Assignment: Wherever the word "University" appears in the entries, copy the whole line.

Extracted data entries:
----

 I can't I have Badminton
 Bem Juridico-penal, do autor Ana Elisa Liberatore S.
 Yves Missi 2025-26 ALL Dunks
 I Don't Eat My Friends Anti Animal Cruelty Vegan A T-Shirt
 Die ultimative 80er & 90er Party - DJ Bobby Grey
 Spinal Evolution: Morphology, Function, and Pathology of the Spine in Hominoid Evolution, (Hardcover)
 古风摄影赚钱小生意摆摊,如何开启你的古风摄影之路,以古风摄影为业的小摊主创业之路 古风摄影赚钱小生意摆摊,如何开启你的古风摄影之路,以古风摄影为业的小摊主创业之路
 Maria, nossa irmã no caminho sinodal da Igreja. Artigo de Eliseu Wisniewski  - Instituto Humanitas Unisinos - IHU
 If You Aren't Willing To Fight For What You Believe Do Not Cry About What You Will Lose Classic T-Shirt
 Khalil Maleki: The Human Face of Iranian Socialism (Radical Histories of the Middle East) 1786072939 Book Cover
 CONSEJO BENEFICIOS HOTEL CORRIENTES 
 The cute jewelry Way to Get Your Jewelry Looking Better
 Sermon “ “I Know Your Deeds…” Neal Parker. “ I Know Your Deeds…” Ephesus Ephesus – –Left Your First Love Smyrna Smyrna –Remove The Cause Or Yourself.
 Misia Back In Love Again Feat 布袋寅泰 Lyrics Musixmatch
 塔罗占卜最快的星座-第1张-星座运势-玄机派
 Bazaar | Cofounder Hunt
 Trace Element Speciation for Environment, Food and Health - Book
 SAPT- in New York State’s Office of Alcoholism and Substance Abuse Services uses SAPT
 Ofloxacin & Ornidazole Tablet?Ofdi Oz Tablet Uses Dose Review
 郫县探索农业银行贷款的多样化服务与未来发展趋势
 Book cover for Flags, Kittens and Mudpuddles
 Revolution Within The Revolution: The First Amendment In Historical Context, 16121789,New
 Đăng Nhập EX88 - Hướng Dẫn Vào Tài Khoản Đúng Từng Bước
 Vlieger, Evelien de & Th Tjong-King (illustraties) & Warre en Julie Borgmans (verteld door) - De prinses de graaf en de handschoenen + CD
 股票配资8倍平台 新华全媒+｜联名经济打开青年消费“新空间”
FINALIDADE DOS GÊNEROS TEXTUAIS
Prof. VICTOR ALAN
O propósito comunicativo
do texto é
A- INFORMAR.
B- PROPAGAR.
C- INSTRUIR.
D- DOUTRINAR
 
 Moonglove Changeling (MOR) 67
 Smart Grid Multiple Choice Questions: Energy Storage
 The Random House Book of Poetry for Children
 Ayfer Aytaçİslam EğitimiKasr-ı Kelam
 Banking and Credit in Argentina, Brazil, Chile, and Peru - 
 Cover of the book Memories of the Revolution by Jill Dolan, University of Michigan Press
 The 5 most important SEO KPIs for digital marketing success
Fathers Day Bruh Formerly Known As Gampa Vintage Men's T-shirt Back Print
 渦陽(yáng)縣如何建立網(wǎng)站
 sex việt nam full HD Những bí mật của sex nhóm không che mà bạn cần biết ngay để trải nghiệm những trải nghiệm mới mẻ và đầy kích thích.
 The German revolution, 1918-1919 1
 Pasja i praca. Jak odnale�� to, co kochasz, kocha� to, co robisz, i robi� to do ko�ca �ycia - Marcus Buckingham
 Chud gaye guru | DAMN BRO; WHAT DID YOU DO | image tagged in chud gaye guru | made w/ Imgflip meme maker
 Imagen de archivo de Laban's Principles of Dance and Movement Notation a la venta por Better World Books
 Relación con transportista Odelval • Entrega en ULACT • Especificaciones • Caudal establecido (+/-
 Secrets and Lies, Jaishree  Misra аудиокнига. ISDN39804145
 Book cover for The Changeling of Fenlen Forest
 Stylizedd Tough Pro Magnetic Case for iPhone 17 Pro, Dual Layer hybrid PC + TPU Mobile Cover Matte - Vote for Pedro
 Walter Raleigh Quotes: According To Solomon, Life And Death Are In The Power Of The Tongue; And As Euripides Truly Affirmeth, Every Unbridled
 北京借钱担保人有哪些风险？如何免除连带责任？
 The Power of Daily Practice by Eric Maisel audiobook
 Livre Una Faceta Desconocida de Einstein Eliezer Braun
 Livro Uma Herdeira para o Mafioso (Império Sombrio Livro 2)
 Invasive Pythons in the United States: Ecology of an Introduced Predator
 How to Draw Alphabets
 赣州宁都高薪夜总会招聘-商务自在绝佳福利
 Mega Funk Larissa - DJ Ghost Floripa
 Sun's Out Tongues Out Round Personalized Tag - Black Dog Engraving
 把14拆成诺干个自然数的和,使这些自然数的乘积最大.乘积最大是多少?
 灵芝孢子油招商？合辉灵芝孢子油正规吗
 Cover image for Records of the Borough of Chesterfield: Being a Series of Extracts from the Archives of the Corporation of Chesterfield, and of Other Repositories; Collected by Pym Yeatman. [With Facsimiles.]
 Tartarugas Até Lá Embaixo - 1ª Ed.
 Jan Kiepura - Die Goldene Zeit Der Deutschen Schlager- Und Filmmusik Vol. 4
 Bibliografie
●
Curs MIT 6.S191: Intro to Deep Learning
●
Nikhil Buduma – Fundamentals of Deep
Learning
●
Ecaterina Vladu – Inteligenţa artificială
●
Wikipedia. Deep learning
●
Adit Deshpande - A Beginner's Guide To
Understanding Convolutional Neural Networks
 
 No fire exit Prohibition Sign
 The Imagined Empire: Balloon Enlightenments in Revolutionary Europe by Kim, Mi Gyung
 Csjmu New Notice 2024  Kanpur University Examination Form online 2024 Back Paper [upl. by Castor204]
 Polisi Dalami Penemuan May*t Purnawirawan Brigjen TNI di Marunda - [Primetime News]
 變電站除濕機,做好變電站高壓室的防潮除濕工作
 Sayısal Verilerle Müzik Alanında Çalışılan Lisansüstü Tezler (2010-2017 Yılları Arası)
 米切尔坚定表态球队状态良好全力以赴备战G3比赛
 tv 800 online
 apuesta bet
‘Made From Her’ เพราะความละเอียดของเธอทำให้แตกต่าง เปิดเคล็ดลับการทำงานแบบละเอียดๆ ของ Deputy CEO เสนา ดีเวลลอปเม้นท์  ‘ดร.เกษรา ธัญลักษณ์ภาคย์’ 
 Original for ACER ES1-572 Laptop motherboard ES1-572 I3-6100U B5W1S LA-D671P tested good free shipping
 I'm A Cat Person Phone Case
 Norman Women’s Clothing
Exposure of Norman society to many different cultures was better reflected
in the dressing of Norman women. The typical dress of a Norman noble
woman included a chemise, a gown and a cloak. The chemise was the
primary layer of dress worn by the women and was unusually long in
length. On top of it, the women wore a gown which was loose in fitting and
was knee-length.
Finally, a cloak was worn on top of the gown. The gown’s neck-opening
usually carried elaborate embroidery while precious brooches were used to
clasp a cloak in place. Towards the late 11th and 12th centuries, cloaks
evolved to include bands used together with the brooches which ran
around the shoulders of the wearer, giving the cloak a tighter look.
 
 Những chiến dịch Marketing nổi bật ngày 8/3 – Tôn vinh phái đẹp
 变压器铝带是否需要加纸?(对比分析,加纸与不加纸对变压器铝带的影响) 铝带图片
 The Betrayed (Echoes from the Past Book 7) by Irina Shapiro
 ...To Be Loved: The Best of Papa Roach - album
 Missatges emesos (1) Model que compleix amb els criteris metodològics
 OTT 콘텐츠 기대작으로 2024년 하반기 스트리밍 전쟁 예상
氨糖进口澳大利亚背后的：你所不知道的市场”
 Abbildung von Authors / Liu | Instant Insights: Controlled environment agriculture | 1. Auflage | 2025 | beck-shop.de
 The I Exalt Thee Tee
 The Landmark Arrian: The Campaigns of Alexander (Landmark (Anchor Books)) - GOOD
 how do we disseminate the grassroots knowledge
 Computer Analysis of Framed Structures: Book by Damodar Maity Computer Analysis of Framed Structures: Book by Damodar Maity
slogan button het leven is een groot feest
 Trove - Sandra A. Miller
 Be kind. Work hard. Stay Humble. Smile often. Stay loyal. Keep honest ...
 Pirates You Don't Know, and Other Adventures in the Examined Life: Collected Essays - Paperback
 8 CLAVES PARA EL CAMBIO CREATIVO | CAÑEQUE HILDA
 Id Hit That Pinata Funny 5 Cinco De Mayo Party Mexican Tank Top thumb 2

----

Answer space:
 Cover of the book Memories of the Revolution by Jill Dolan, University of Michigan Press
 Csjmu New Notice 2024  Kanpur University Examination Form online 2024 Back Paper [upl. by Castor204]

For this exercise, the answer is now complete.